Scheduling
Crucible’s scheduler decides which commit to test next. The priorities, from highest to lowest, are:
- Active regression-hunt probes. A bisect is user-initiated and someone is usually waiting on the answer.
- Manual tests queued through
crucible testor the admin tab. - Branch heads. Testing the tip of every tracked branch keeps the Timeline current.
- Tagged releases. These are likely to be referenced later, so they should have verdicts available.
- Recent commits near the branch head that have not yet been tested.
- Backfill work. Older commits are tested in the background so the full Timeline fills in over time.
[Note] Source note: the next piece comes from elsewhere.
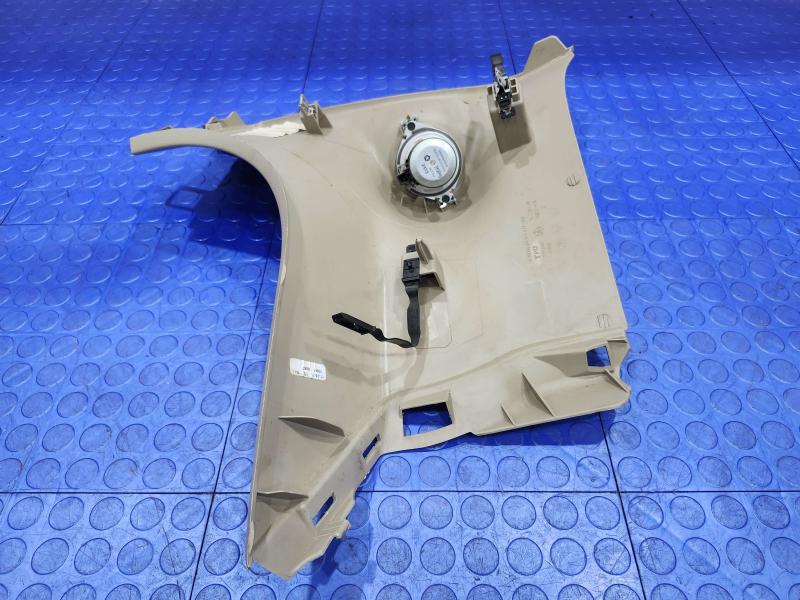 2014 Jeep Grand Cherokee Misc Ebay Parts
The daemon polls every testing.poll_interval_seconds. When it finds new commits, they enter the queue with the right priority for their position in history. New pushes to a tracked branch therefore jump ahead of backfill work that was already queued.
Experimental branches
Branches listed under experimental_branches for an engine are still built and tested, but Crucible does not thread them into the canonical history. Instead of pairing each experimental commit against its predecessor on the same branch, the scheduler tests the branch head against the current main head. That gives you a single, meaningful “is my experiment better than main” comparison without polluting the Timeline with every intermediate commit.
The dashboard hides experimental jobs from the Timeline and Jobs views and surfaces them under the dedicated Experiments tab.
Concurrency
testing.concurrency controls how many matches run in parallel. The daemon spawns up to that many worker tasks. Each worker claims the next-highest-priority job from the queue and holds onto it until the SPRT concludes or the match hits testing.max_games.
If training.idle_selfplay is enabled, worker slots that cannot find a test job pick up a short self-play batch instead, so the machine keeps producing training data during quiet periods.
Recovery
If the daemon is killed while jobs are running, those jobs are re-queued on the next startup. Nothing is left in a stuck “running” state.